Scraped caption text data:

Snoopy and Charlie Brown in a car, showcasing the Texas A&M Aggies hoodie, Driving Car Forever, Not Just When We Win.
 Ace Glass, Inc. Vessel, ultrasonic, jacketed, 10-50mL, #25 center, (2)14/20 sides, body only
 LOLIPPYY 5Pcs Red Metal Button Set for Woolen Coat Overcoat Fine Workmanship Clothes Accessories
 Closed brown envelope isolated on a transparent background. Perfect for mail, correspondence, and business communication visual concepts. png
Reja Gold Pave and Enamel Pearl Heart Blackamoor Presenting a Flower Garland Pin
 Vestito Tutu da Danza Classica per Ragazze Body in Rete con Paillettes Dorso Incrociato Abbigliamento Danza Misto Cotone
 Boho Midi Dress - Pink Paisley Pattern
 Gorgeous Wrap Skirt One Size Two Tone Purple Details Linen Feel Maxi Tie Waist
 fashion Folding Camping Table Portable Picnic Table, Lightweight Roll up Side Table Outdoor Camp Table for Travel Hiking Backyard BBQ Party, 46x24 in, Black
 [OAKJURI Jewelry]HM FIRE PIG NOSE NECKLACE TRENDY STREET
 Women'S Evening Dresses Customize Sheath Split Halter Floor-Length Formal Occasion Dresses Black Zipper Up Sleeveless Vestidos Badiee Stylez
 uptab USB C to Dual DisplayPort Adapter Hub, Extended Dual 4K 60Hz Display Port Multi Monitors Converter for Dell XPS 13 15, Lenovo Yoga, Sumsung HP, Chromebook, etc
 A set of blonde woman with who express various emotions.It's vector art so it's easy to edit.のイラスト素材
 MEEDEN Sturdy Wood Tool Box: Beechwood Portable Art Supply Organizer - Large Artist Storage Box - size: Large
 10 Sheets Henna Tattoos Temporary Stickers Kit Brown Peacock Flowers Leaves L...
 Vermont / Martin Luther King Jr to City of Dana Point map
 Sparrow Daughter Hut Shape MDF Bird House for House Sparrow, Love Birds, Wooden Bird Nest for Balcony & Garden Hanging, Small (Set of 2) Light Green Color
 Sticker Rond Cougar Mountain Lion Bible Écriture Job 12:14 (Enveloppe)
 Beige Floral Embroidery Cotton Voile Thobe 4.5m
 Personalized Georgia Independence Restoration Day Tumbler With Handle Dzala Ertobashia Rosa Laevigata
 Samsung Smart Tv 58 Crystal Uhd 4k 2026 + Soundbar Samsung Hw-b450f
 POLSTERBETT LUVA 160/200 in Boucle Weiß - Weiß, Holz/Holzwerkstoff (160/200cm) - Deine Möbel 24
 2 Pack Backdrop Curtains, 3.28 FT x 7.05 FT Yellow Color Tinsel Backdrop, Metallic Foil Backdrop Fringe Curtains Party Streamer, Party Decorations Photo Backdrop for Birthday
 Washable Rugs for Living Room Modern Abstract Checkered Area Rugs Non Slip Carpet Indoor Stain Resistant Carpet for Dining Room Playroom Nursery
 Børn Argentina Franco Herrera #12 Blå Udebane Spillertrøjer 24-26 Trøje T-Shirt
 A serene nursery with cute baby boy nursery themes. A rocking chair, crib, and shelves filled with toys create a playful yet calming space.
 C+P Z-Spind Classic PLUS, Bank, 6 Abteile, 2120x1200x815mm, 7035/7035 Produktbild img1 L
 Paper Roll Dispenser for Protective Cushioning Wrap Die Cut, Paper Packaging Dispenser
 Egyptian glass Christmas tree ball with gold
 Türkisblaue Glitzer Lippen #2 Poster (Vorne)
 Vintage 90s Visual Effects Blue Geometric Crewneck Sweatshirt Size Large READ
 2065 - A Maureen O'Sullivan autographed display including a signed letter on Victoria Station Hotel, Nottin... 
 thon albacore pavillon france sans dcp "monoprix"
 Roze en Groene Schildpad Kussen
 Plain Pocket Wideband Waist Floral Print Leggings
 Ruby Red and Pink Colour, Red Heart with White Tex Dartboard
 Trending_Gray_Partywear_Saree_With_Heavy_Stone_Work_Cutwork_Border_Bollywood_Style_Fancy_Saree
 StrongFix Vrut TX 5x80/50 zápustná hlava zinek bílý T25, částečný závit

■ **WHAT TO WORK ON**
Would you set down every entry again, exactly?

■ **WRITTEN RESPONSE**
Snoopy and Charlie Brown in a car, showcasing the Texas A&M Aggies hoodie, Driving Car Forever, Not Just When We Win.
 Ace Glass, Inc. Vessel, ultrasonic, jacketed, 10-50mL, #25 center, (2)14/20 sides, body only
 LOLIPPYY 5Pcs Red Metal Button Set for Woolen Coat Overcoat Fine Workmanship Clothes Accessories
 Closed brown envelope isolated on a transparent background. Perfect for mail, correspondence, and business communication visual concepts. png
Reja Gold Pave and Enamel Pearl Heart Blackamoor Presenting a Flower Garland Pin
 Vestito Tutu da Danza Classica per Ragazze Body in Rete con Paillettes Dorso Incrociato Abbigliamento Danza Misto Cotone
 Boho Midi Dress - Pink Paisley Pattern
 Gorgeous Wrap Skirt One Size Two Tone Purple Details Linen Feel Maxi Tie Waist
 fashion Folding Camping Table Portable Picnic Table, Lightweight Roll up Side Table Outdoor Camp Table for Travel Hiking Backyard BBQ Party, 46x24 in, Black
 [OAKJURI Jewelry]HM FIRE PIG NOSE NECKLACE TRENDY STREET
 Women'S Evening Dresses Customize Sheath Split Halter Floor-Length Formal Occasion Dresses Black Zipper Up Sleeveless Vestidos Badiee Stylez
 uptab USB C to Dual DisplayPort Adapter Hub, Extended Dual 4K 60Hz Display Port Multi Monitors Converter for Dell XPS 13 15, Lenovo Yoga, Sumsung HP, Chromebook, etc
 A set of blonde woman with who express various emotions.It's vector art so it's easy to edit.のイラスト素材
 MEEDEN Sturdy Wood Tool Box: Beechwood Portable Art Supply Organizer - Large Artist Storage Box - size: Large
 10 Sheets Henna Tattoos Temporary Stickers Kit Brown Peacock Flowers Leaves L...
 Vermont / Martin Luther King Jr to City of Dana Point map
 Sparrow Daughter Hut Shape MDF Bird House for House Sparrow, Love Birds, Wooden Bird Nest for Balcony & Garden Hanging, Small (Set of 2) Light Green Color
 Sticker Rond Cougar Mountain Lion Bible Écriture Job 12:14 (Enveloppe)
 Beige Floral Embroidery Cotton Voile Thobe 4.5m
 Personalized Georgia Independence Restoration Day Tumbler With Handle Dzala Ertobashia Rosa Laevigata
 Samsung Smart Tv 58 Crystal Uhd 4k 2026 + Soundbar Samsung Hw-b450f
 POLSTERBETT LUVA 160/200 in Boucle Weiß - Weiß, Holz/Holzwerkstoff (160/200cm) - Deine Möbel 24
 2 Pack Backdrop Curtains, 3.28 FT x 7.05 FT Yellow Color Tinsel Backdrop, Metallic Foil Backdrop Fringe Curtains Party Streamer, Party Decorations Photo Backdrop for Birthday
 Washable Rugs for Living Room Modern Abstract Checkered Area Rugs Non Slip Carpet Indoor Stain Resistant Carpet for Dining Room Playroom Nursery
 Børn Argentina Franco Herrera #12 Blå Udebane Spillertrøjer 24-26 Trøje T-Shirt
 A serene nursery with cute baby boy nursery themes. A rocking chair, crib, and shelves filled with toys create a playful yet calming space.
 C+P Z-Spind Classic PLUS, Bank, 6 Abteile, 2120x1200x815mm, 7035/7035 Produktbild img1 L
 Paper Roll Dispenser for Protective Cushioning Wrap Die Cut, Paper Packaging Dispenser
 Egyptian glass Christmas tree ball with gold
 Türkisblaue Glitzer Lippen #2 Poster (Vorne)
 Vintage 90s Visual Effects Blue Geometric Crewneck Sweatshirt Size Large READ
 2065 - A Maureen O'Sullivan autographed display including a signed letter on Victoria Station Hotel, Nottin... 
 thon albacore pavillon france sans dcp "monoprix"
 Roze en Groene Schildpad Kussen
 Plain Pocket Wideband Waist Floral Print Leggings
 Ruby Red and Pink Colour, Red Heart with White Tex Dartboard
 Trending_Gray_Partywear_Saree_With_Heavy_Stone_Work_Cutwork_Border_Bollywood_Style_Fancy_Saree
 StrongFix Vrut TX 5x80/50 zápustná hlava zinek bílý T25, částečný závit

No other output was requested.